◆ **PROBLEM DETAILS**:
Could you retype exactly the lines below between the one holding "Model Y 2021 Facelift Long Range AWD photo 8" and the one holding "415 Big Pine Rd, Key Largo, FL 33037", inclusive, leaving out any pictures?

◆ **EXTRACTED ENTRIES**:
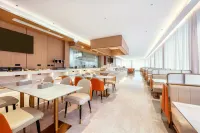 โรงแรมฮอลิเดย์ซินไห่หวาน เซียะผู่ - พร้อมอาหารเช้า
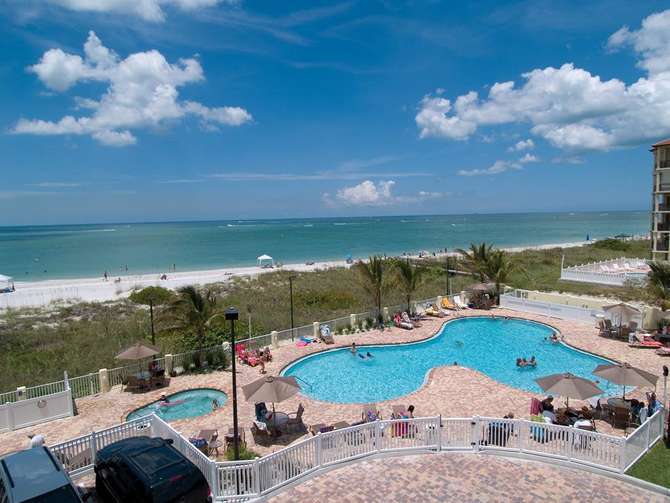 vakantie-naar-Sunset Vistas Beachfront Suites-mei 2025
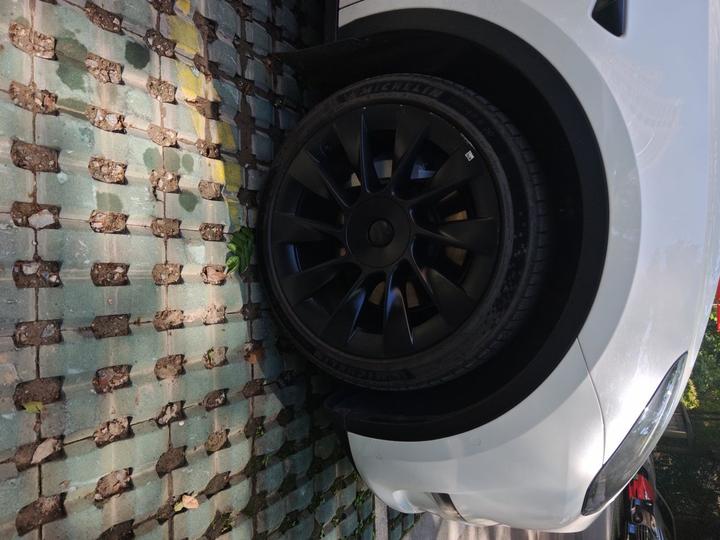 Model Y 2021 Facelift Long Range AWD photo 8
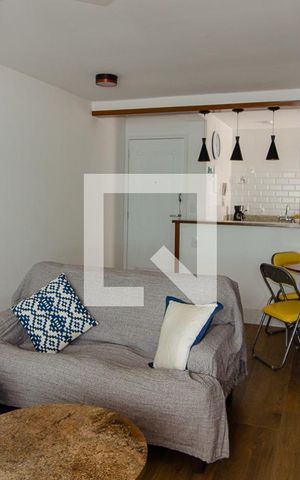 Apartamento à venda com 90m², 3 quartos e 2 vagas Apartamento à venda com 90m², 3 quartos e 2 vagasSala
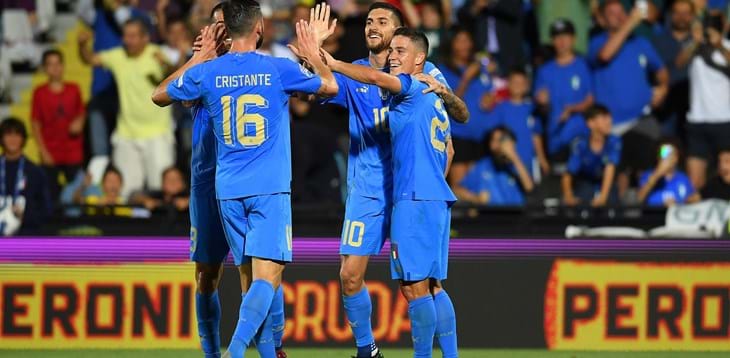 È un’Italia giovane e bella, gli Azzurri superano l’Ungheria con i gol di Barella e Pellegrini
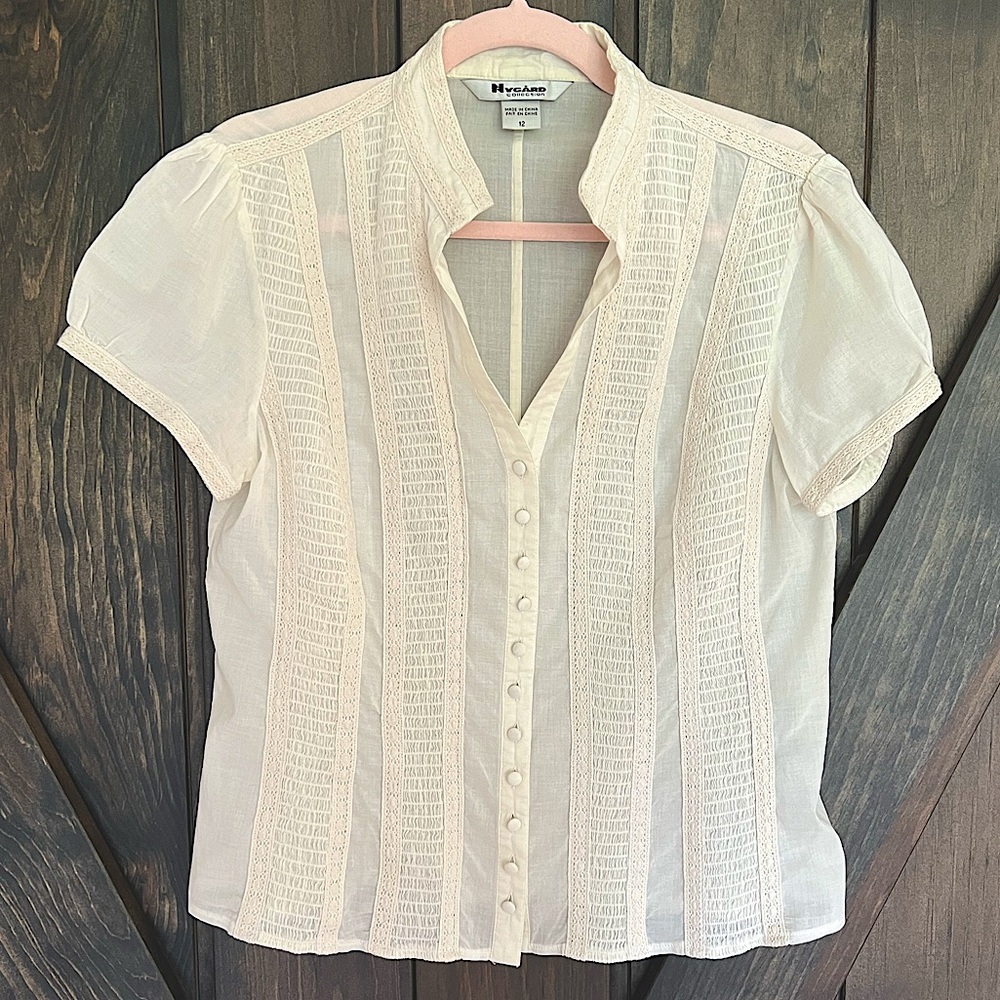 Nygard EUC Beige Short Sleeve Blouse Mandarin Collar V-neck Lace Stripes Size 12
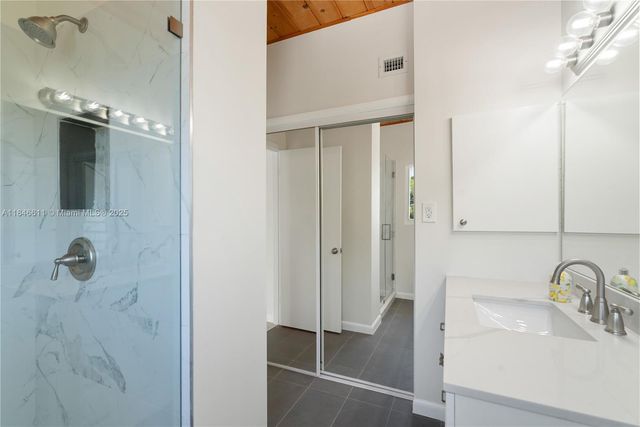 415 Big Pine Rd, Key Largo, FL 33037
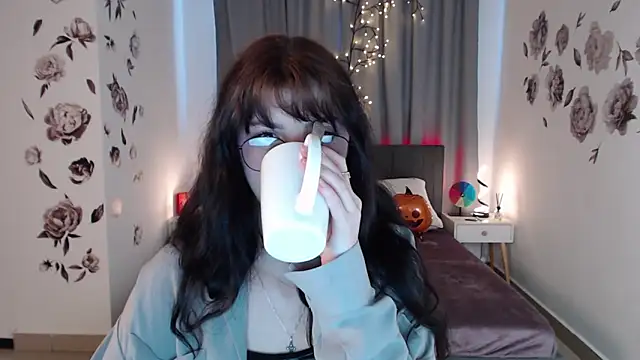 Snapshot of MileyRood chatting on November 5, 11:27 pm MileyRood online show from November 5, 11:27 pm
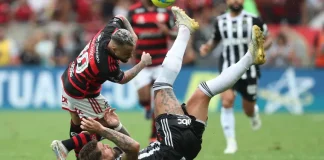 Michael e Lyanco na disputa da jogada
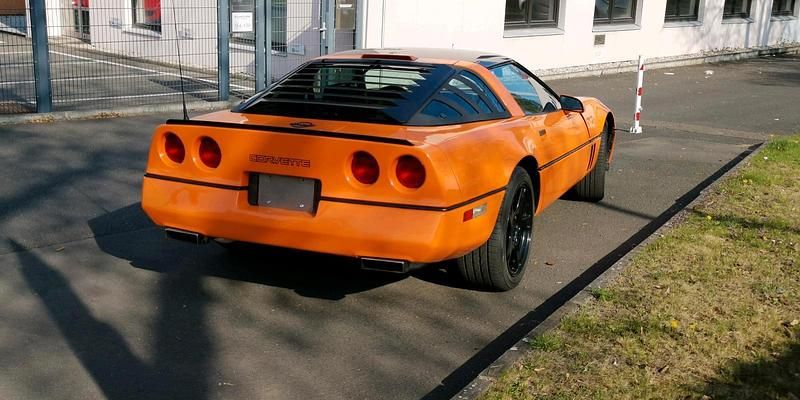 Orange Gebraucht 1985 Corvette C4 Coupé | 15.500 € - Bild 1/4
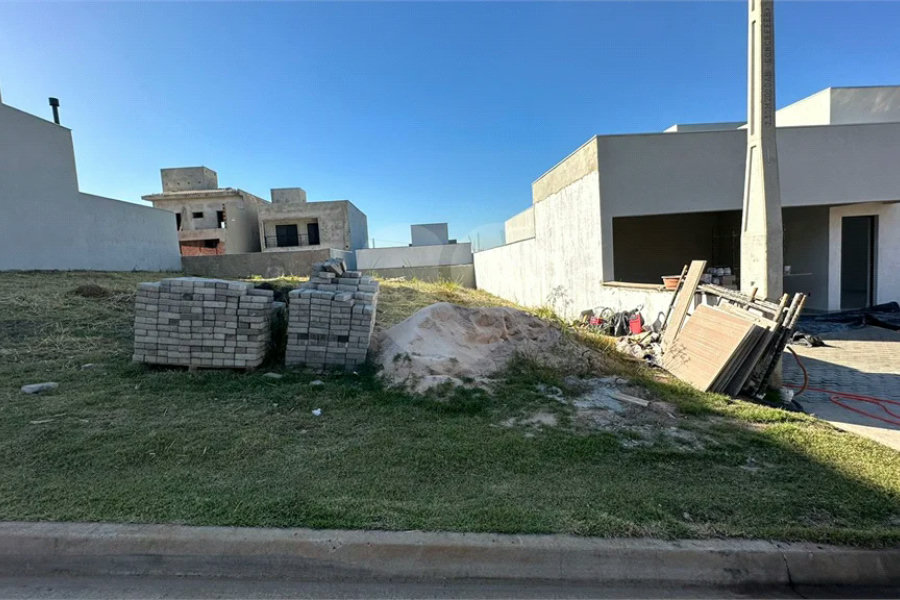 Terreno à venda no bairro Ondinhas, Condomínio Soleil em Piracicaba/SP.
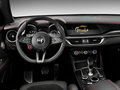 Stelvio斯坦维 Stelvio Quadrifoglio图片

◆ **EXERCISE RESPONSE**:
 Model Y 2021 Facelift Long Range AWD photo 8
 Apartamento à venda com 90m², 3 quartos e 2 vagas Apartamento à venda com 90m², 3 quartos e 2 vagasSala
 È un’Italia giovane e bella, gli Azzurri superano l’Ungheria con i gol di Barella e Pellegrini
 Nygard EUC Beige Short Sleeve Blouse Mandarin Collar V-neck Lace Stripes Size 12
 415 Big Pine Rd, Key Largo, FL 33037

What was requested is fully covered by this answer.